I often wondered, “Was I already dying when I arrived as a cub on this earth, or did I begin dying when I became fully grown and was now just living until I ceased?”
There was mass panic among the humans when the ball of fire began destroying their habitats. I who had been encroached upon my entire existence by these selfish creatures couldn’t understand. They had never helped another creature, not even their own kind. Destruction was their nature, would they not be used to this?
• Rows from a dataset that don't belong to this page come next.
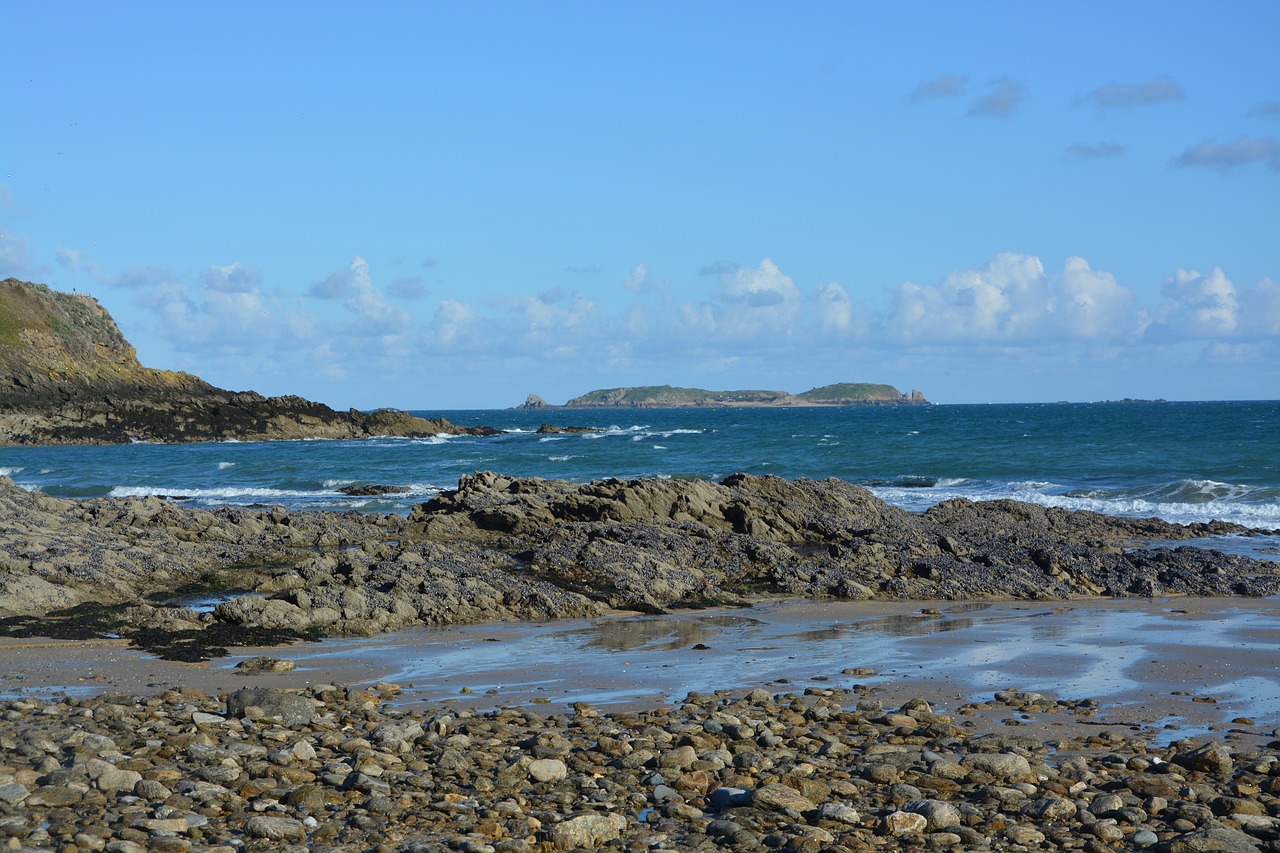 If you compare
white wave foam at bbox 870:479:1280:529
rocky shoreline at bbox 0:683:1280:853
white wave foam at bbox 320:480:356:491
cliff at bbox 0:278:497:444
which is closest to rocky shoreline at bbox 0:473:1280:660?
rocky shoreline at bbox 0:683:1280:853

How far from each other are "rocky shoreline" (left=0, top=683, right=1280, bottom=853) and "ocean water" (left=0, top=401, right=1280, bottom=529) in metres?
20.2

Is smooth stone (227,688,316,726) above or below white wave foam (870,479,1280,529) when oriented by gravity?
above

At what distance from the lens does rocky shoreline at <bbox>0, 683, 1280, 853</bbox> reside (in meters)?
5.05

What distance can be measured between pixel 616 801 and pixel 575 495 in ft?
48.0

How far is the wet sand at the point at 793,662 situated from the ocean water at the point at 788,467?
15.6m

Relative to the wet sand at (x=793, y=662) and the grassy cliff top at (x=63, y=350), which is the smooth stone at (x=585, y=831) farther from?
the grassy cliff top at (x=63, y=350)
I cleaned my fur, polishing the orange, black and white–my stripes were looking fine as ever. I wanted to look my best for the end. Slowly the water came further inland and although it was usually warm in the jungle, rain stopped. The lush greens dried. Until, they were overwhelmed by the ocean waters. In which case they drowned.
I had always love to climb, so for the moment I took refuge in a tree. It was easy hunting as many others had seen fit to hide up here as well. Then, I became increasingly thirsty. The ocean water was too salty and the heat became intolerable. My fur was matted and sopping with sweat. No matter how much I panted, I couldn’t keep myself cool.
The fire from the sky had been long since extinguished but the continuing effect were devastating. Many of the trees and plants began drooping and sagging. They could no longer hold themselves proud. From my perch, I saw animal casualties littering the jungle floor or float by in the flooded river. Many belonged to the once selfish human race.
I knew my time was at hand, but I had been dying for a long time. Now it was time to let go. Body draped across the branch, head resting on my paws, eyes fluttered closed–sleep finally came.